USE AT YOUR OWN RISK - I (AND NOBODY ELSE ON THIS PLANET) IS RESPONSIBLE FOR WHAT YOU DO TO YOUR PHONE.

http://www.mediafire...jzjop6b8lo2iphp
google apps: http://d-h.st/rDK

instructions for installation (thanks to Orionis) are:


Copy ROM and GApps to your sdcard
Boot into clockworkmod recovery
WIPE DATA
Flash ROM zip
Go to "mounts and storage" and mount system
Flash GApps
Reboot
you'll probably boot loop at the animation screen - from that point, simply perform a battery pull, then boot back into CWM (will be version 6.x), mount system, wipe cache/dalvik, flash ROM, mount system again, flash gapps, reboot (thanks to unleeshd)
wifi did work, but camera, phone, mobile data did NOT work. the system was a bit laggy, but I really did not give it all that much time to play around with it.

good luck to all!


----------



## DROlD

If you restart the phone after running it for the first time the lag is gone. Also, to get signal bars to appear you have cycle lte and lte/cdma options for it to show.
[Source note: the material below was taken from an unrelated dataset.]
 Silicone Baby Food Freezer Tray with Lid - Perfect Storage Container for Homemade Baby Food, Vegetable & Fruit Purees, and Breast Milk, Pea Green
Sent from my SCH-I510 using RootzWiki


----------



## apena325

phone and sms does work just cycle the network mode like in cm9


----------



## jco23

Probably so, but I tried that and could not get it to work for me.
I did NOT try it with fp5 though, so wondering if that could make a difference.

tappin' that....


----------



## Loustsoul

landshark said:


> Someone asked in the CM9 Development thread about starting a new discussion thread for the CM10 JB port JT started on. I didn't see anyone start one, so here it is. Use this to thread to discuss anything about the CM10 JB port in order to keep the development thread strictly to actual development issues, discussion, etc.


Thank you.

My inner demons and I have come to an agreement.


----------



## Unleeshd

jco23 said:


> Probably so, but I tried that and could not get it to work for me.
> I did NOT try it with fp5 though, so wondering if that could make a difference.
> 
> tappin' that....


It works just fine with FP1. Make sure you cycle between "CDMA only" and whatever the initial option is. Don't mess with the 2 top options as I do not think they help you out in booting your radios. Hope this helps!


----------



## Loustsoul

found this looking for RIL maybe it will help maybe not. http://pastebin.com/uHPCJXdJ


----------



## phimuskapsi

Loustsoul said:


> found this looking for RIL maybe it will help maybe not. http://pastebin.com/uHPCJXdJ


Unfortunately this doesn't help much. This just looks like some kind of library 'manifest'. The RIL requires really 2 things. One the binary radio files from Samsung (and / or Open Source RIL drivers), and the Android interface which is written in some form of Java. They might be able to take the binaries from the Nexus radio as they are very similar as far as the architecture/model. Might. Even if we get those working significant work will still have to be done to 'translate' the 'calls' to the radio for Android itself. Not a small job and unfortunately not many developers capable of doing it.

It's times like these that I wish I knew a lot more about kernel hacking and Java.


----------



## Hyduke

Any suggestions, got stuck in boot loop and I can't get back into cwm recovery. Tried pulling battery and volume up + power + home and keeps going through boot loop.


----------



## jco23

might have to odin CWM again (unless you are not releasing the power button after seeing the samsung logo).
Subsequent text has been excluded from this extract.